It’s the same story.
Every. Single. Time.
Hubbie’s parent’s live 3 hours away and we try to visit at least once a month. As a new mother *cough, cough, 17 months in, ahem* I’m still figuring out a way to get us out of the house at a decent time.
We did get better this time around.
But these are the Top 5 things we have argued about (or continue to argue about) every time we make a trip:
1. “You knew we were going on this trip all week, why didn’t you plan better.

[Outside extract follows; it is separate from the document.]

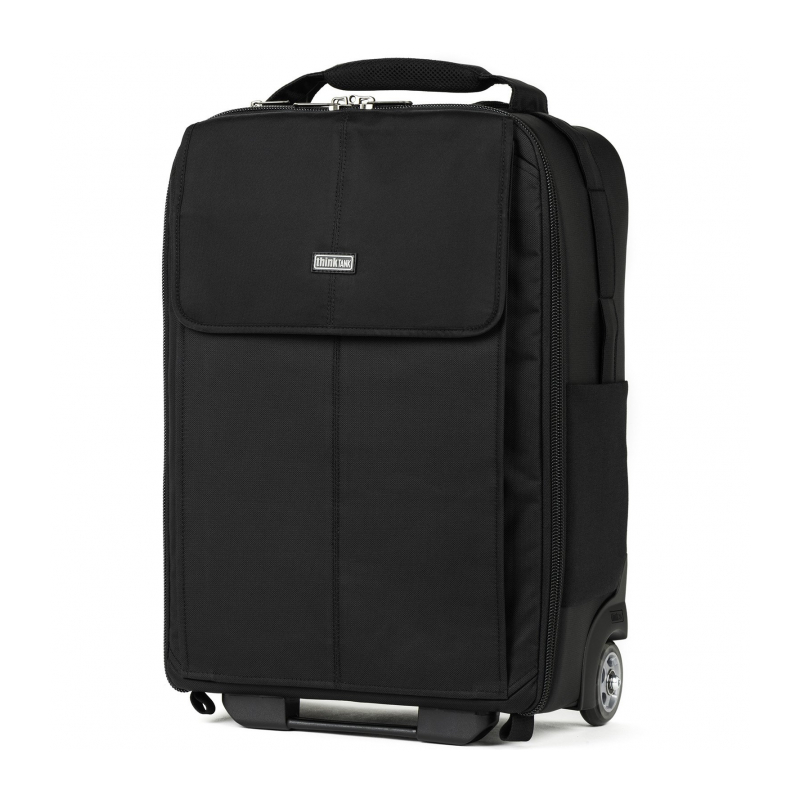 Роллер Think Tank Airport Advantage XT Black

We should be out the door by now and you’re still packing.”
HOLD THE PHONE. Hubby likes to go to the gym in the mornings. I 100% support this because not only does it keep him sexy, but it also keeps him sane. He works a stressful job to support us all, and he deserves that release. However, while he’s out slaving away at work, sometimes he fails to remember or even know what happens behind the scenes at the ole’ homefront. The week of Mother’s Day weekend I was sleep training our son out of our bedroom. Which means, I was running on 7 hours of sleep, collectively throughout the week. As in, an hour or so of sleep a day. I looked like this:
I had made a list of To-Do’s and had every intention of checking them off as I went, but instead I was trying to mop myself off the floor as I became more and more like a puddle of an exhausted momma. We also cloth diaper so the laundry had gotten away from me. Hubby showers at least twice a day, which is two sets of briefs, two sets of beaters, two sets of t-shirts, two sets of socks, and two sets of pants. Every day. This doesn’t include my son and my wardrobe so you can see how if I skip just one day, I’m in the weeds. Aside from all of that, I have a toddler who can only be patient for so long, and was also grumpy and needy from sleep training, so finishing a task alone was not really feasible.

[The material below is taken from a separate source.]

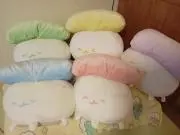 トミーの画像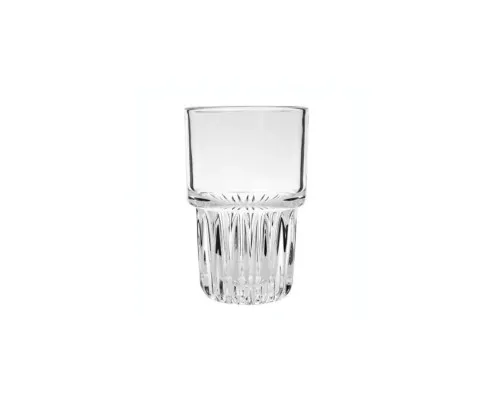 Склянка Onis (Libbey) Everest висока 260 мл (822922)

When he had the nerve to ask why we weren’t ready? I looked like this:
Hubby likes to think that he is the best driver in the world and everyone else is just an incompetent a-wad. I know sometimes this is true, but a lot of time it’s not. Sometimes he really is just driving too closely so when they pump the brakes, he has to slam on his as a natural consequence.
This is what the majority of the ride sounds like:
Hubby- “WOULD you GO ALREADY. Oh MY G-“
Hubby- “GOSH. I’m sorry but these PEOPLE ARE *&^%& (Insert choice word here) and I can’t stand it. Look, they are slowing down at literally NOTHING.”
Me- “Maybe if you drive two car lengths behind like you’re supposed to, you’d see it coming and not even have to tap on your breaks. You just let go of the accelerator.”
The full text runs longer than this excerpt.